[Brief descriptive captions]
########################################

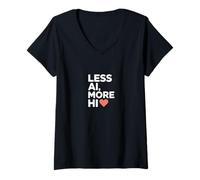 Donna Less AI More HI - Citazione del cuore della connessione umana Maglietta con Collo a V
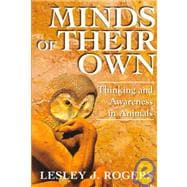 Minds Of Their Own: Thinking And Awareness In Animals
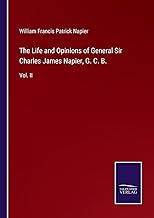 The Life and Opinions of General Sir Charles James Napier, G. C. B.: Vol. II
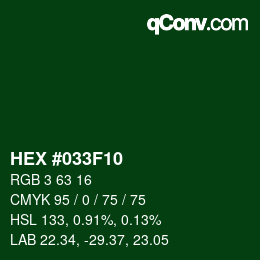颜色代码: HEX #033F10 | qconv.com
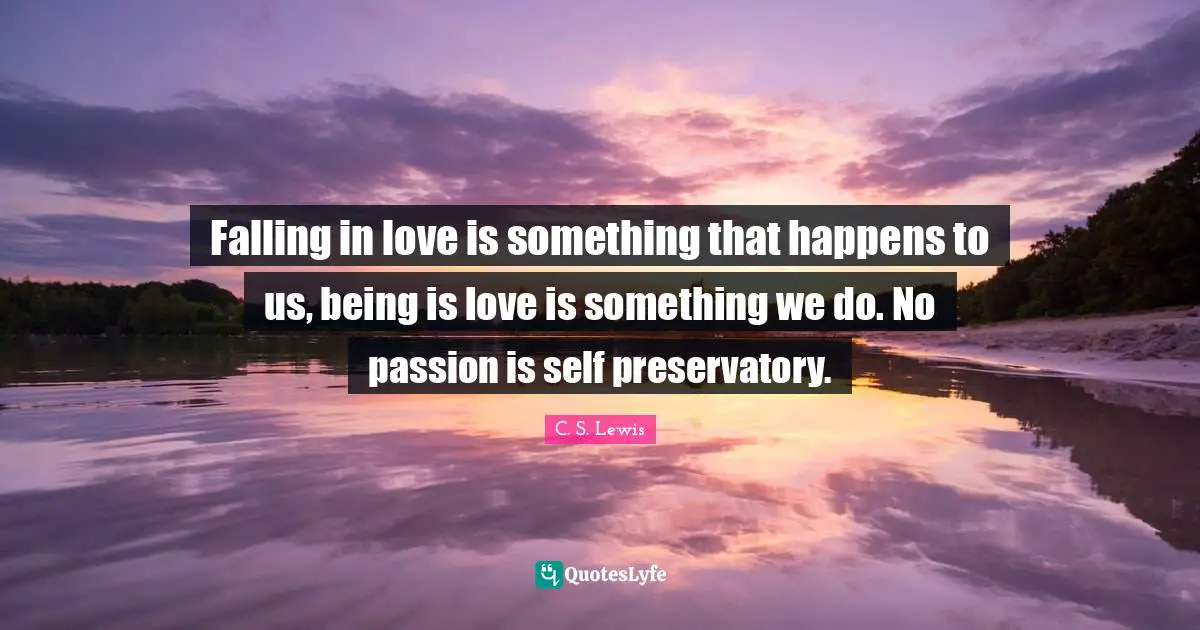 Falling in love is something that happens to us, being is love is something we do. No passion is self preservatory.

########################################

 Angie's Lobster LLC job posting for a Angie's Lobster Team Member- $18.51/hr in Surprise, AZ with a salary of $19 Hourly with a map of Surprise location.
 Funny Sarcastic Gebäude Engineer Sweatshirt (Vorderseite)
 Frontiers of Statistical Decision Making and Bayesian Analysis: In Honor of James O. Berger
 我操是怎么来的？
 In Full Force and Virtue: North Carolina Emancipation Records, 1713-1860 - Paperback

########################################

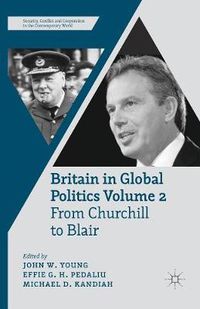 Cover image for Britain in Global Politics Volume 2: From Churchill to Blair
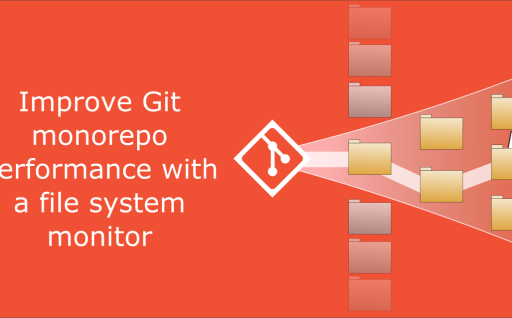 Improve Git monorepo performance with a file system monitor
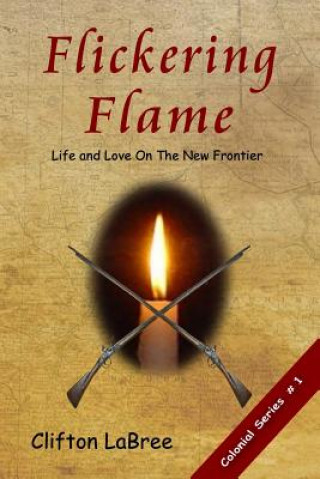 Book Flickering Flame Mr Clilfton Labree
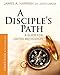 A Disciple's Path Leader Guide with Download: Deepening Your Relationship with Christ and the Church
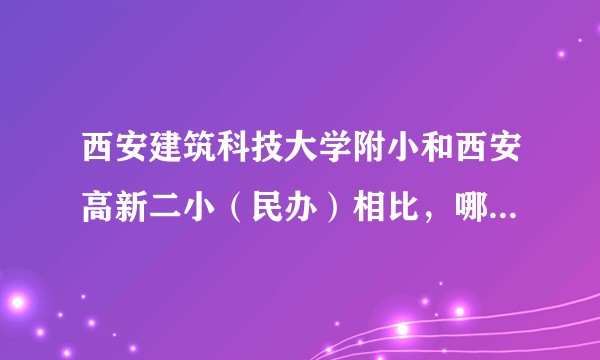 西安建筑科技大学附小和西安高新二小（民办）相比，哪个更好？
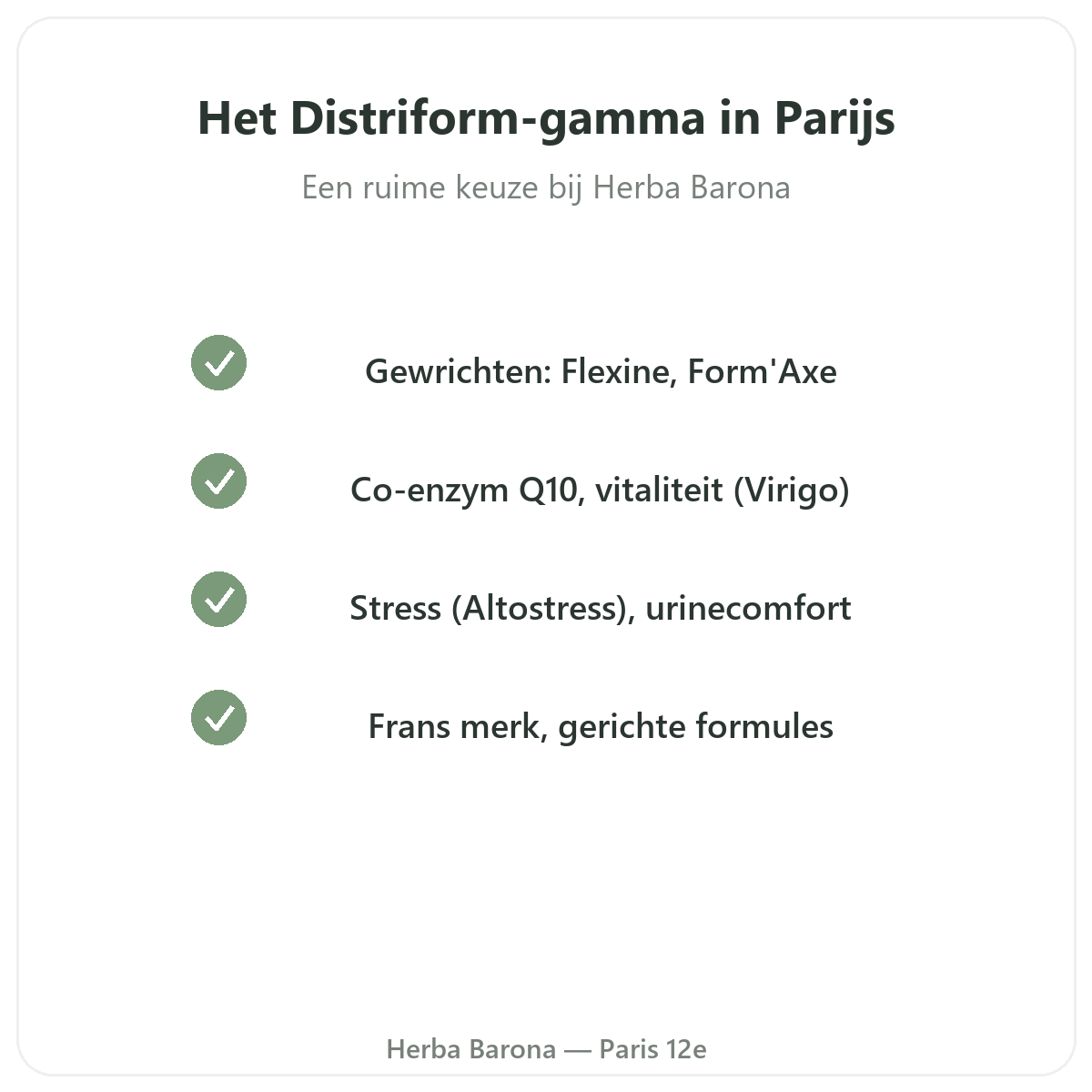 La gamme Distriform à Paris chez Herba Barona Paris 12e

########################################

Transcribe only this stretch of the data: the line with "颜色代码: HEX #033F10 | qconv.com", the line with "Falling in love", and every line in between. Leave out the pictures.

_Answer to this problem_
颜色代码: HEX #033F10 | qconv.com
 Falling in love is something that happens to us, being is love is something we do. No passion is self preservatory.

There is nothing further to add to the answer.